| Your assignment |
This calls for a word-for-word copy of all the data, with each picture removed.

| Task data |
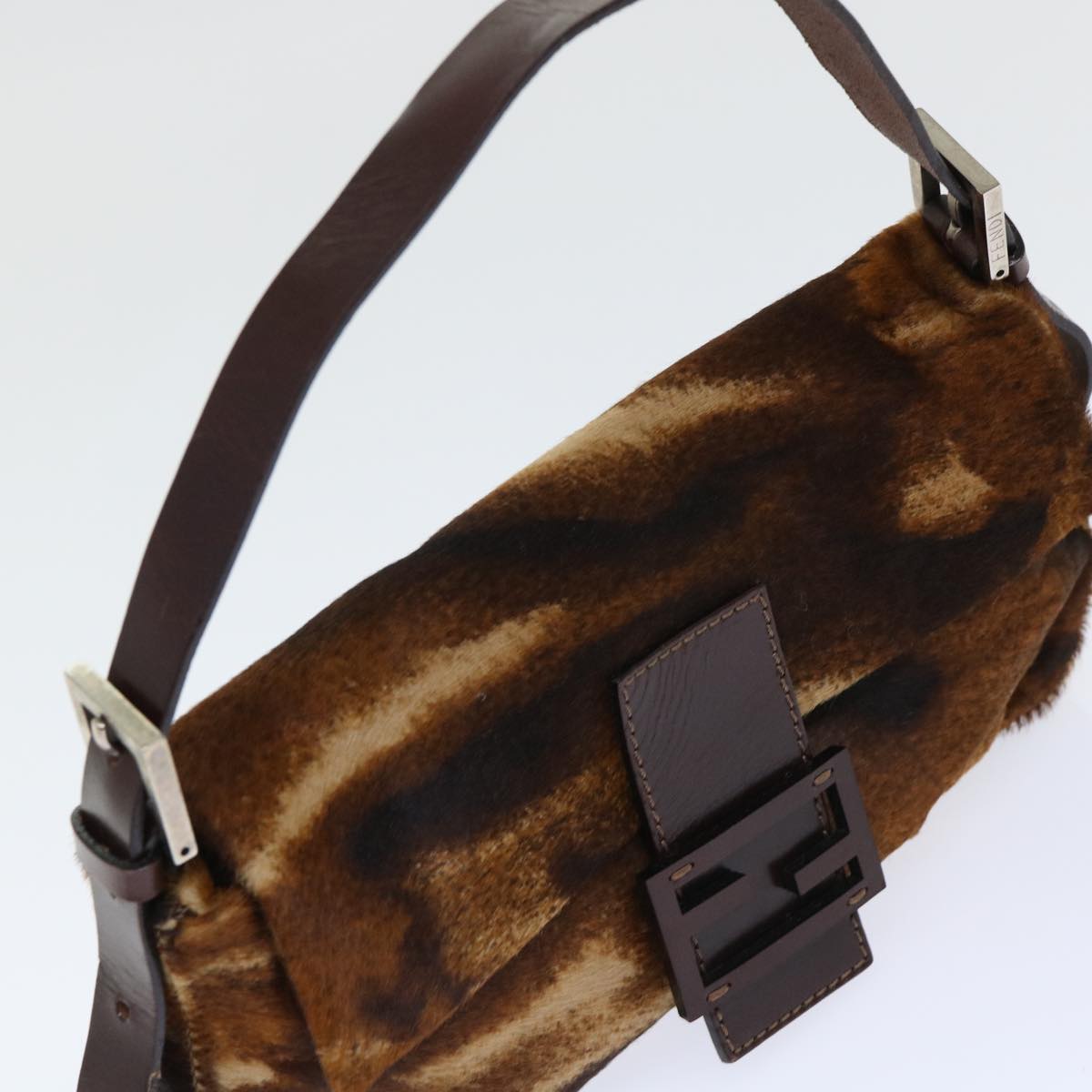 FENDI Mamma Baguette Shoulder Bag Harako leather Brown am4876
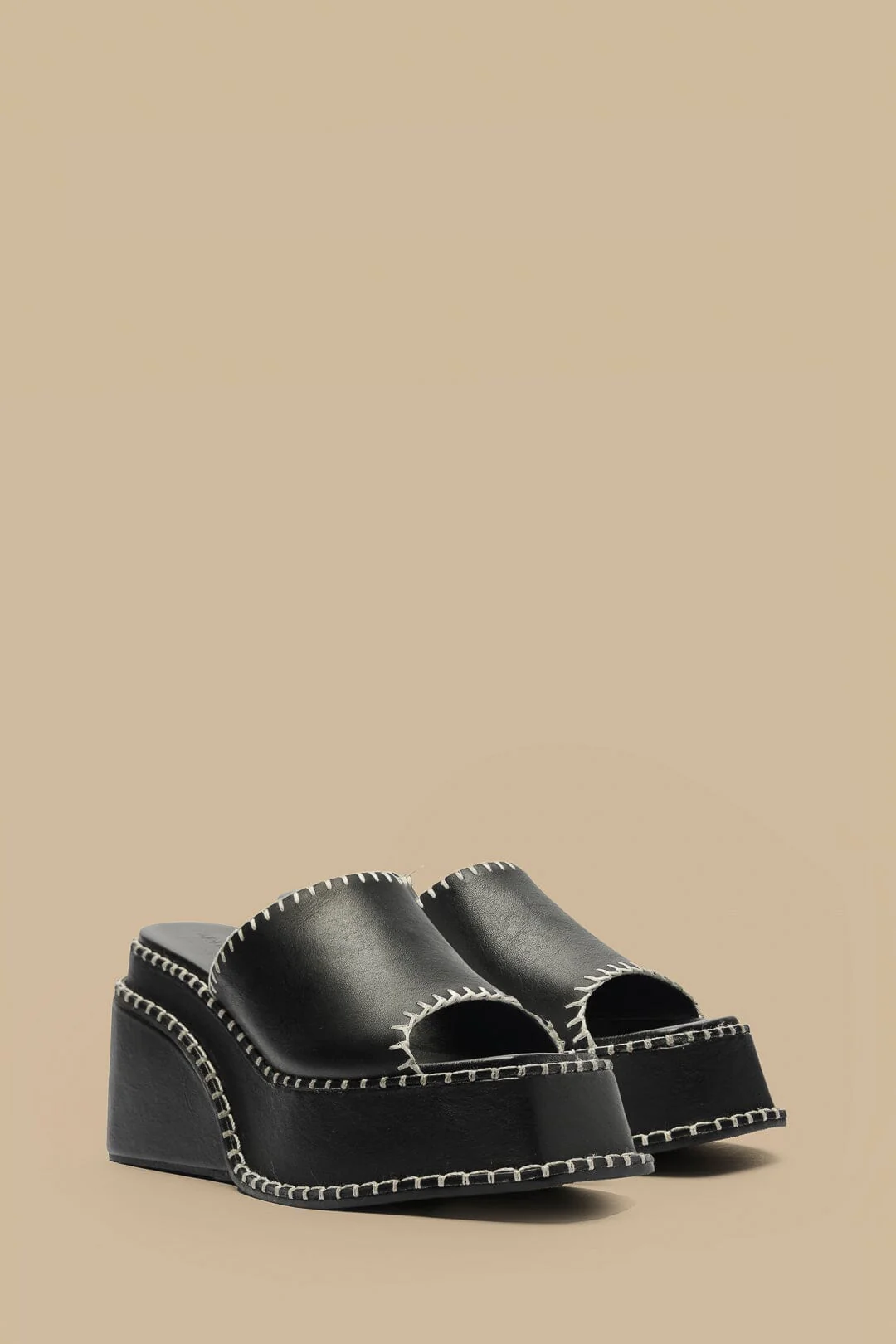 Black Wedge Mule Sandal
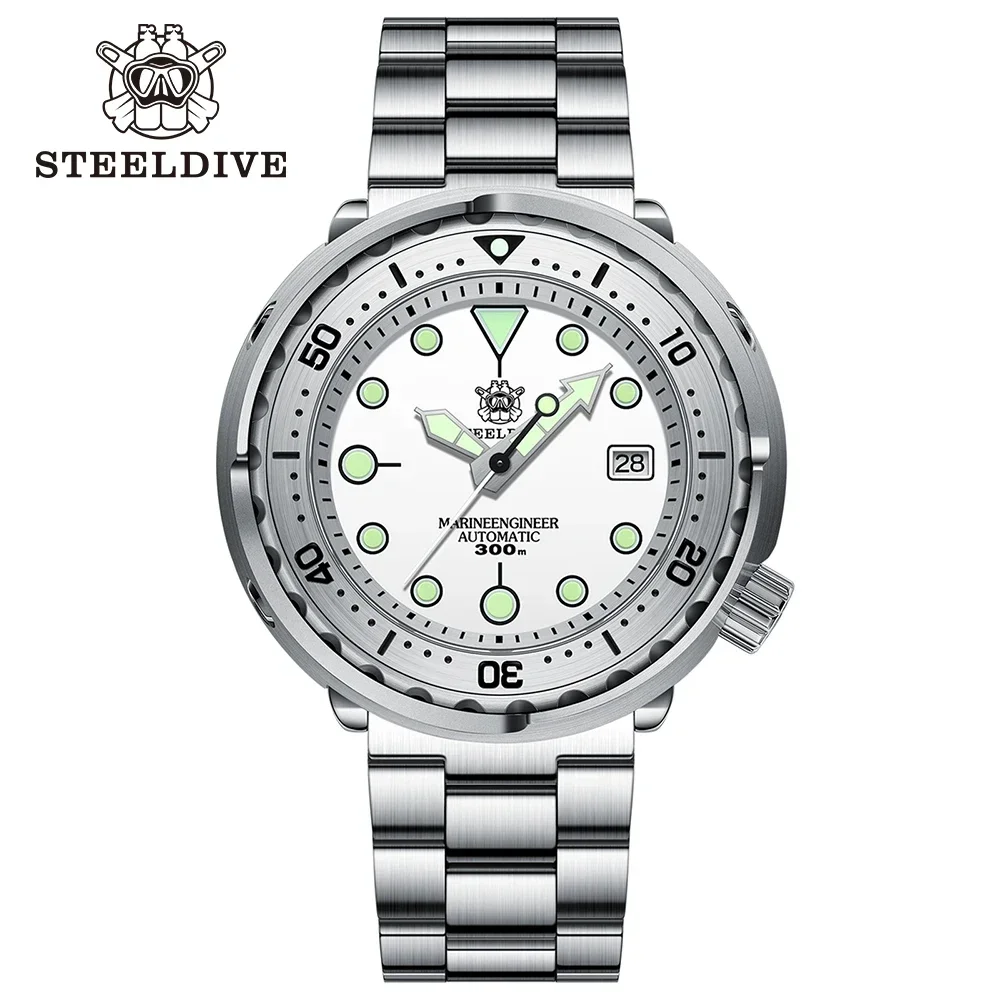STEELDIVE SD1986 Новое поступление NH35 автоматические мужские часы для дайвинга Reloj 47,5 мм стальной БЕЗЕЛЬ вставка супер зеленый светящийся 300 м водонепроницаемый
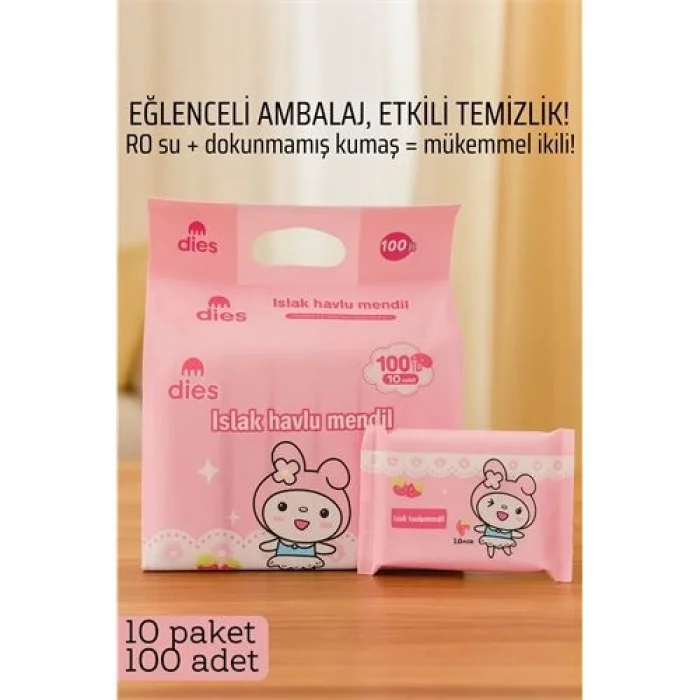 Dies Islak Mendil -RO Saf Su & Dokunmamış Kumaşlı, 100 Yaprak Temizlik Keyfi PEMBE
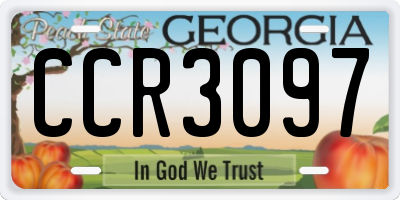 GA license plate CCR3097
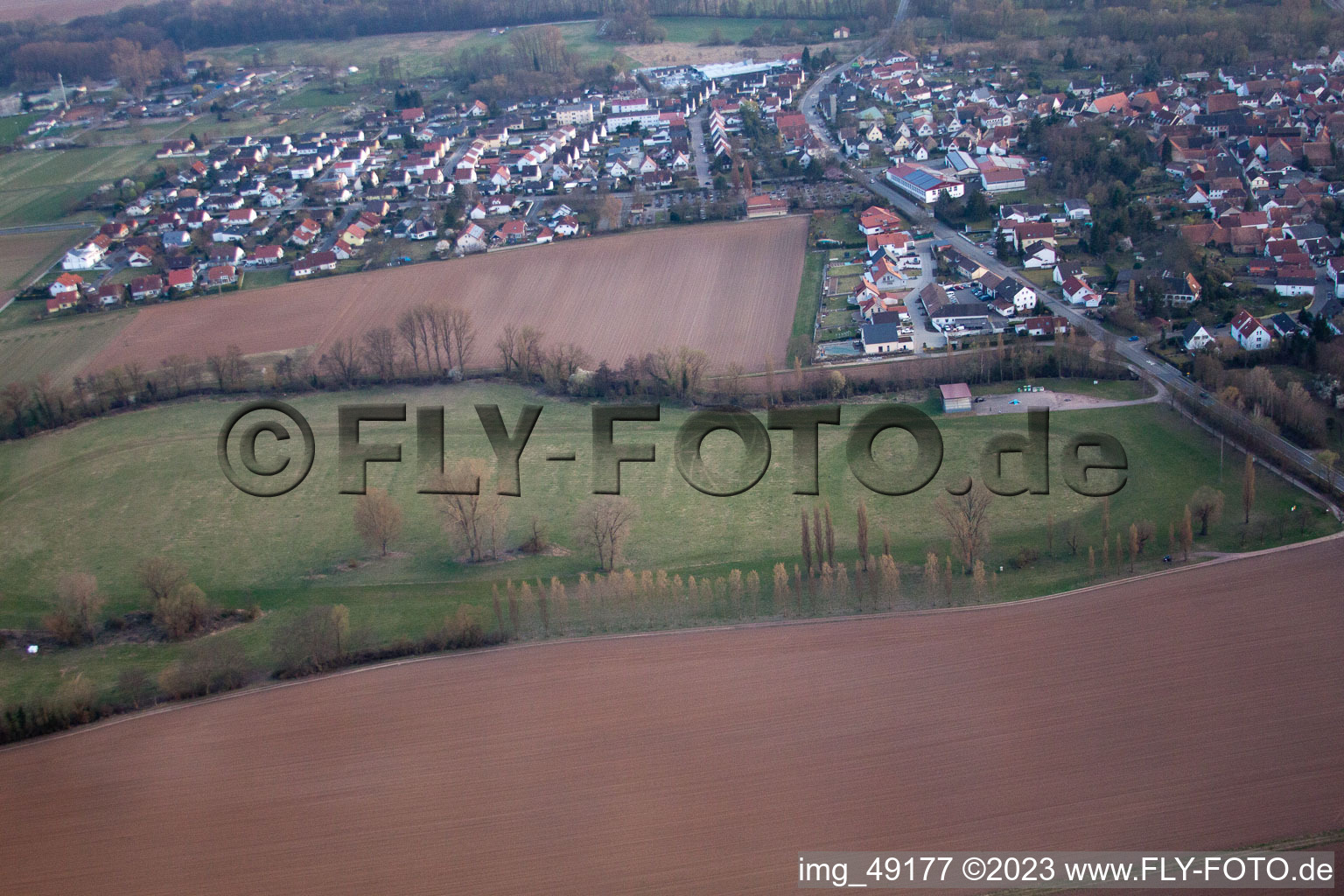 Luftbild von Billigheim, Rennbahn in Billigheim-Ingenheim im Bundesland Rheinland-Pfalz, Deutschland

| Response box |
 FENDI Mamma Baguette Shoulder Bag Harako leather Brown am4876
 Black Wedge Mule Sandal
STEELDIVE SD1986 Новое поступление NH35 автоматические мужские часы для дайвинга Reloj 47,5 мм стальной БЕЗЕЛЬ вставка супер зеленый светящийся 300 м водонепроницаемый
 Dies Islak Mendil -RO Saf Su & Dokunmamış Kumaşlı, 100 Yaprak Temizlik Keyfi PEMBE
 GA license plate CCR3097
 Luftbild von Billigheim, Rennbahn in Billigheim-Ingenheim im Bundesland Rheinland-Pfalz, Deutschland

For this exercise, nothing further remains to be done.